Tutorial 30: Profiling
030shot.jpg

Profiling is used to get runtime information about code code.

There exist several independent profiling tools. Examples for free profilers are "gprof" for the GNU toolchain and "very sleepy" from codersnotes for Windows. Proprietary tools are for example "VTune" from Intel or "AMD APP Profiler". Those tools work by sampling the running application regularly to get statistic information about the called functions. The way to use them is to compile your application with special flags to include profiling information (some also work with debug information). They also might allow to profile only certain parts of the code, although most can't do that. The sampling is usually rather time-consuming which means the application will be very slow when collecting the profiling data. It's often useful to start with one of those tools to get an overview over the bottlenecks in your application. Those tools have the advantage that they don't need any modifications inside the code.

Once you need to dig deeper the Irrlicht profiler can help you. It works nearly like a stopwatch. You add start/stop blocks into the parts of your code which you need to check and the Irrlicht profiler will give you then the exact times of execution for those parts. And unlike general profiler tools you don't just get average information about the run-time but also worst-cases. Which tends to be information you really for a stable framerate. Also the Irrlicht profiler has a low overhead and affects only the areas which you want to time. So you can profile applications with nearly original speed.

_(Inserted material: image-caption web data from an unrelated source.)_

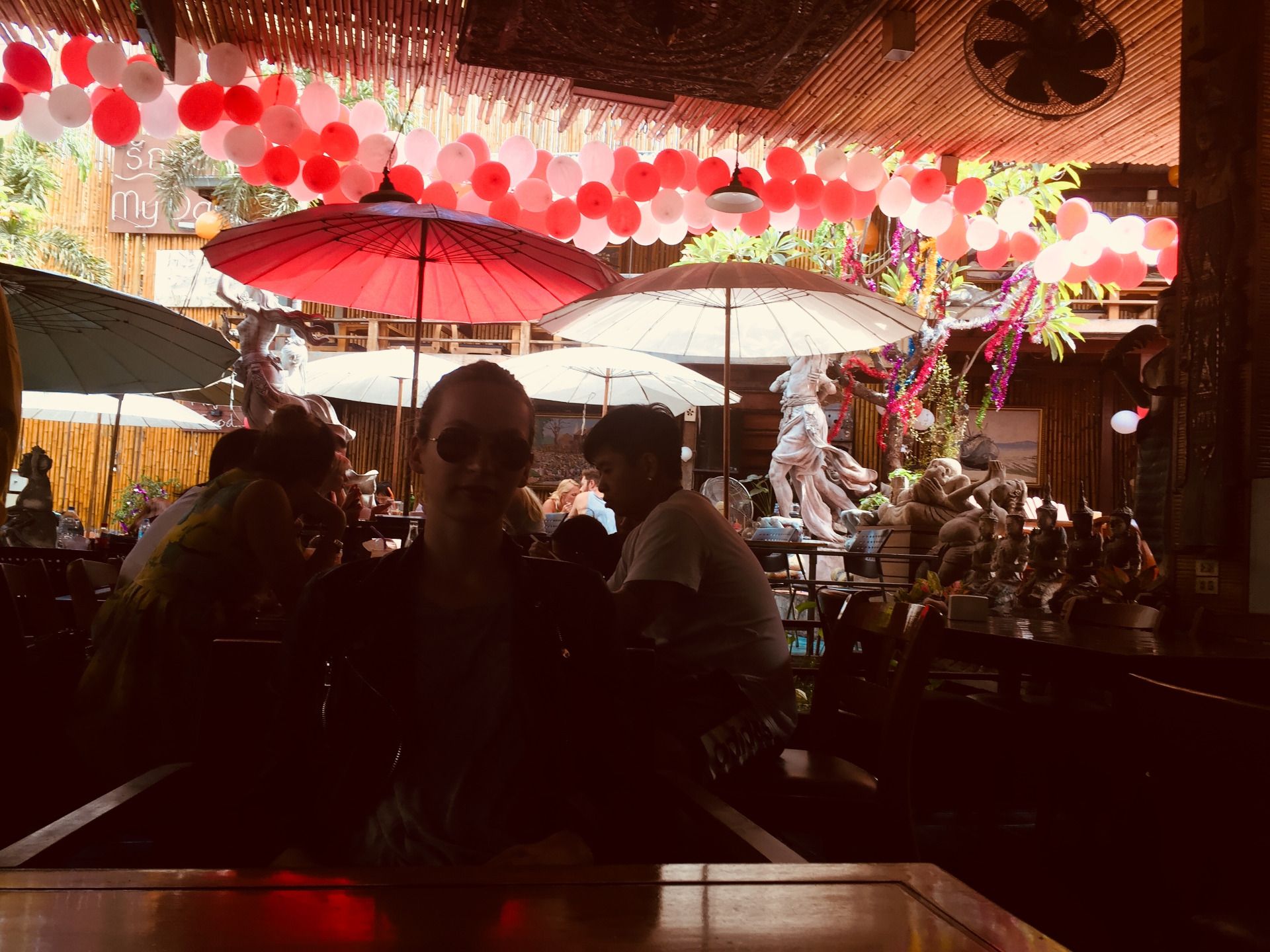 Me in the restaurant My Darling - great balloons and figures in the background (unfortunately the picture has become a bit dark)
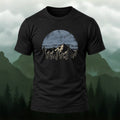 Retro Circular Mountain Forest T-Shirt Black
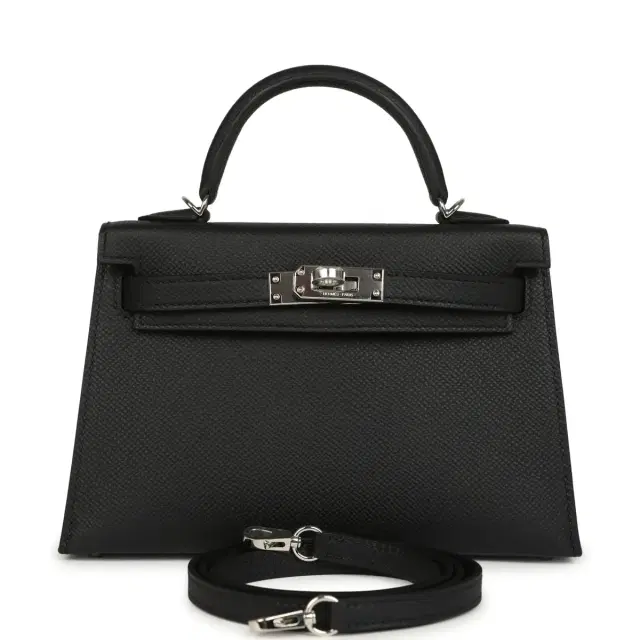 hermes Hermes Kelly Sellier 20 Black Epsom Palladium Hardware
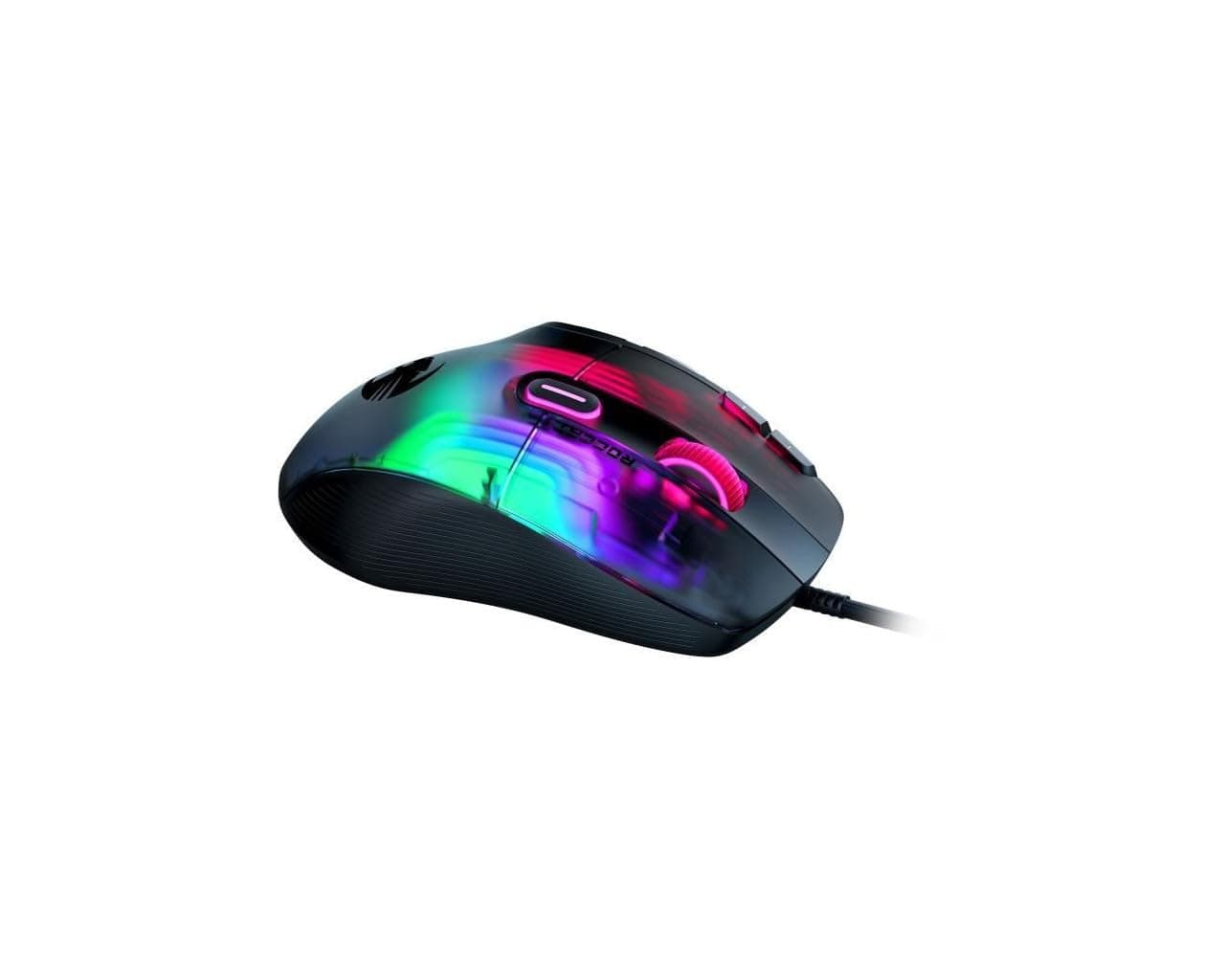 Roccat Kone XP - 3D Lighting Gaming Mouse with 19K DPI Optical Sensor, 4D Krystal Wheel, programmable Button Design & AIMO RGB Lighting, Black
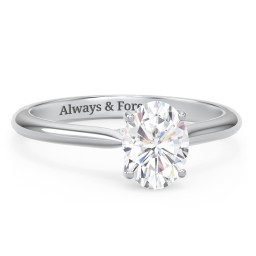 1.5 ct. (8x6mm) Oval Moissanite Engagement Ring with Hidden Halo and Accents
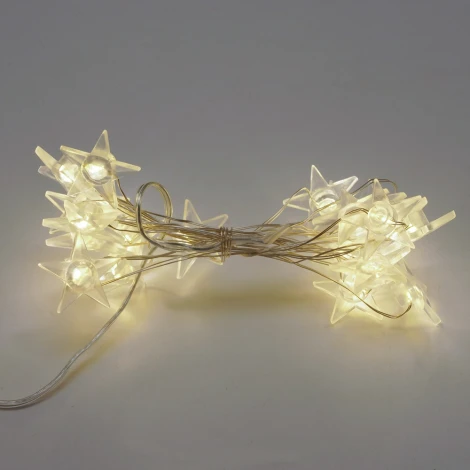 Светодиодная гирлянда линейная Звездочки на проволоке 2700К с питанием от батареек Feron CL589 51445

Irrlicht itself has such profiling information, which is useful to figure out where the runtime inside the engine is spend. To get that profiling data you need to recompile Irrlicht with IRR_COMPILE_WITH_PROFILING enabled as collecting profiling information is disabled by default for speed reasons.

It's usually a good idea to wrap all your profile code with a define. That way you don't have to worry too much about the runtime profiling itself takes. You can remove the profiling code completely when you release the software by removing a single define.Or sometimes you might want to have several such defines for different areas of your application code.

#define ENABLE_MY_PROFILE // comment out to remove the profiling code
#ifdef ENABLE_MY_PROFILE
// calls code X
#define MY_PROFILE(X) X
#else
// removes the code for X in the pre-processor
#define MY_PROFILE(X)
#endif // IRR_PROFILE
#include <irrlicht.h>
#include "driverChoice.h"
#include "exampleHelper.h"
#ifdef _MSC_VER
#pragma comment(lib, "Irrlicht.lib")
#endif
using namespace irr;
using namespace core;
using namespace scene;
using namespace video;
using namespace io;
using namespace gui;

We have the choice between working with fixed and with automatic profiling id's. Here are some fixed ID's we will be using.

enum EProfiles
{
EP_APP_TIME_ONCE,
EP_APP_TIME_UPDATED,
EP_SCOPE1,
EP_SCOPE2,
EP_DRAW_SCENE
};
// For our example scenes
enum EScenes
{
ES_NONE, // no scene set
ES_CUBE,
ES_QUAKE_MAP,
ES_DWARVES,
ES_COUNT // counting how many scenes we have
};

Controlling the profiling display is application specific behavior. We use function keys in our case and play around with all the parameters. In real applications you will likely only need something to make the profiling-display visible/invisible and switch pages while the parameters can be set to fixed values.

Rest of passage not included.